Avant que la demi-heure fût écoulée, j’avais changé d’habits et prêté au sergent les vêtements dont il avait également besoin. Pénélope vint alors nous retrouver. Je crois que je n’avais jamais autant senti qu’en ce moment le bonheur de posséder une fille respectueuse et aimante comme la mienne ; je l’assis sur mes genoux, et demandai à Dieu de la bénir. Sa tête se posa sur ma poitrine ; elle jeta ses bras autour de mon cou, et nous restâmes ainsi en silence. Il est probable que la pauvre Rosanna était de moitié entre nous pendant cet intervalle de recueillement. Le sergent alla à la fenêtre et regarda au dehors ; je fus touché de sa délicatesse, et je crus devoir l’en remercier.

Les gens du monde ont toutes les jouissances, celle, entre autres, de pouvoir donner un libre cours à leurs sentiments. Le peuple ne connaît point ce privilège. La nécessité qui épargne nos supérieurs est sans pitié pour nous. Nous apprenons à refouler nos émotions au dedans de nous-mêmes, pour qu’elles ne contrarient point l’accomplissement de nos travaux journaliers. Je ne m’en plains pas, je me borne à le constater. Par l’effet de cette habitude, Pénélope et moi nous nous mîmes à la disposition du sergent aussitôt qu’il le désira.

Il demanda à ma fille si elle savait ce qui avait pu pousser sa compagne au suicide.

Pénélope répondit, comme je devais m’y attendre, qu’elle s’était tuée par amour pour M. Franklin Blake. À la demande suivante, si elle avait fait part de son opinion à d’autres personnes qu’à nous, Pénélope répondit :

« Non, je me suis tue dans l’intérêt de Rosanna. »

Ici, je crus utile d’ajouter :

« Et dans l’intérêt aussi de M. Franklin, mon enfant ; car si Rosanna a perdu la tête pour lui, il ne l’a pas su et en est tout à fait innocent.

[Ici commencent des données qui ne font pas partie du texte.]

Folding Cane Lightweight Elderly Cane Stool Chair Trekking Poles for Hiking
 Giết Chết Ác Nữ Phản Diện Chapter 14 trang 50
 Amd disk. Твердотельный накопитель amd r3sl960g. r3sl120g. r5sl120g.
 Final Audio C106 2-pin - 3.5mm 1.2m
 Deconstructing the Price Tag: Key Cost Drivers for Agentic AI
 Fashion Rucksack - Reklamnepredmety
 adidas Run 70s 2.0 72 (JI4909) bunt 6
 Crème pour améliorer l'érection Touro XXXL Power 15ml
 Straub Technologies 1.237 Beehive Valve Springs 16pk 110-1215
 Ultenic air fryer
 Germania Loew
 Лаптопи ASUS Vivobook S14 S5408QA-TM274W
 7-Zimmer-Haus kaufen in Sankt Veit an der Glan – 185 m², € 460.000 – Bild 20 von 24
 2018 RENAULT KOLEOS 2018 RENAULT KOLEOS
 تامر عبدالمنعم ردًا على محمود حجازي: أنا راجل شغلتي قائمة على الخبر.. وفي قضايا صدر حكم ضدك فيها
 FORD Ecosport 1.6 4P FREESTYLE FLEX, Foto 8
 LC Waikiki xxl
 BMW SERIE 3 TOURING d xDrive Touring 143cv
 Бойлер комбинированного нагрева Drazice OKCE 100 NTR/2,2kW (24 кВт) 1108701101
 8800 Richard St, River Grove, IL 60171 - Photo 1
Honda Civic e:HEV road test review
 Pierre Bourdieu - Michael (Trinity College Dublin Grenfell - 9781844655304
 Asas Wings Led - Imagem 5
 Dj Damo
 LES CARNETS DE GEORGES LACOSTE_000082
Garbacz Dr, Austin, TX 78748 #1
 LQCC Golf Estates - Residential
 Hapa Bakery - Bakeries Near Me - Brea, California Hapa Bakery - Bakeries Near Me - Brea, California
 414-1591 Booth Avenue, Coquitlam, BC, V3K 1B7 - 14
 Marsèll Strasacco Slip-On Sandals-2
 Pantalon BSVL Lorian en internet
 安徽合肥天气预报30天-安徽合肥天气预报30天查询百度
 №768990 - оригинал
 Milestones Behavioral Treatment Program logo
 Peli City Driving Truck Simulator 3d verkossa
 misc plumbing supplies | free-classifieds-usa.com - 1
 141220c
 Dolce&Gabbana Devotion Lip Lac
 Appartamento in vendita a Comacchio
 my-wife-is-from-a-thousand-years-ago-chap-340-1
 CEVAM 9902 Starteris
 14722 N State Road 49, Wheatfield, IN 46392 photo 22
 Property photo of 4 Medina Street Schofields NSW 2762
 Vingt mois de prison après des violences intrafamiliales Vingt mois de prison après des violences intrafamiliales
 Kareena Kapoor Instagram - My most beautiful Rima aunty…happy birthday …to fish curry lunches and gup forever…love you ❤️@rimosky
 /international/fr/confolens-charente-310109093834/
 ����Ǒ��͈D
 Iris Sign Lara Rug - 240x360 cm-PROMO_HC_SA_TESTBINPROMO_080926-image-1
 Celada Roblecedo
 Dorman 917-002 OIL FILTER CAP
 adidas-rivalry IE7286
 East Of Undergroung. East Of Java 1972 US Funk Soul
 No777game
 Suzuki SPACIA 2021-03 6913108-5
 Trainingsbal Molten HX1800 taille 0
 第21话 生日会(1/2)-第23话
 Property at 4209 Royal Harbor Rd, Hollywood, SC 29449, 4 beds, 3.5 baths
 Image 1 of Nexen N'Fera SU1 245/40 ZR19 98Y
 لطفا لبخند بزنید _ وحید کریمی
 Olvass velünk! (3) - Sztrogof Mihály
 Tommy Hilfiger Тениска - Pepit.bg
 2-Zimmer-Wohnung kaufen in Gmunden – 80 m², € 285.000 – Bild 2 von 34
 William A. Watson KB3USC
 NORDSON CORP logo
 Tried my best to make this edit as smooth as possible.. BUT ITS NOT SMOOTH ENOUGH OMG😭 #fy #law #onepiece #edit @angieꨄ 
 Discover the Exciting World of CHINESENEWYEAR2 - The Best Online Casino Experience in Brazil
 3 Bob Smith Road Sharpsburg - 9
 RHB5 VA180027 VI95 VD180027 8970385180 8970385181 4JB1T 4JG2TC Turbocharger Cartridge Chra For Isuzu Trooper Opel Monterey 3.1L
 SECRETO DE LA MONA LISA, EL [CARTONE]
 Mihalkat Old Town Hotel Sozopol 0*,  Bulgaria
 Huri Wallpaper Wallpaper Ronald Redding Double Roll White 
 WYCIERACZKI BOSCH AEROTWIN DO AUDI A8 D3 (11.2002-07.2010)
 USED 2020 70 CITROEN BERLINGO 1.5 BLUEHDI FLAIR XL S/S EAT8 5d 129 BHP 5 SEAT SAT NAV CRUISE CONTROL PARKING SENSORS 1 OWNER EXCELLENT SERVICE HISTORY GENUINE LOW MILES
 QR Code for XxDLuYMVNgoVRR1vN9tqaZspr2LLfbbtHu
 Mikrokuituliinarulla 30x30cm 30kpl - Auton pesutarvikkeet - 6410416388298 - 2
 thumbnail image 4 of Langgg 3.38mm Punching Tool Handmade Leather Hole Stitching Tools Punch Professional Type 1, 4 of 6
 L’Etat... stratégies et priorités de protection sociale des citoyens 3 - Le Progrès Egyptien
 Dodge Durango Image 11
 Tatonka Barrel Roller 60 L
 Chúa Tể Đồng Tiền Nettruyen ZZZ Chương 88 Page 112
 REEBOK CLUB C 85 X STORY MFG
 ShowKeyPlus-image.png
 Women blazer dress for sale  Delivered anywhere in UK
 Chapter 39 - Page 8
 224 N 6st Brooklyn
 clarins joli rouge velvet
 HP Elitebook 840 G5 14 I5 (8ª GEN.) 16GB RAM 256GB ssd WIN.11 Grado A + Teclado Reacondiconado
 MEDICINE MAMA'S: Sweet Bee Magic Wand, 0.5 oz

S’il quitte la maison aujourd’hui, laissons-le du moins partir sans emporter le chagrin de connaître la cruelle vérité. »

M. Cuff ajouta : « C’est parfaitement juste, » puis retomba dans le silence ; Il comparait intérieurement (à ce que je crus) l’opinion de Pénélope avec d’autres données qu’il gardait pour lui seul.

Au bout de la demi-heure, ma maîtresse me sonna. En me rendant chez elle, je rencontrai M. Franklin qui sortait du salon de sa tante. Il me prévint qu’elle désirait voir le sergent Cuff (en ma présence), et il ajouta qu’il avait lui-même deux mots à lui dire auparavant. Nous retournâmes à ma chambre, mais à mi-chemin il s’arrêta pour regarder un indicateur de chemins de fer placé dans le hall.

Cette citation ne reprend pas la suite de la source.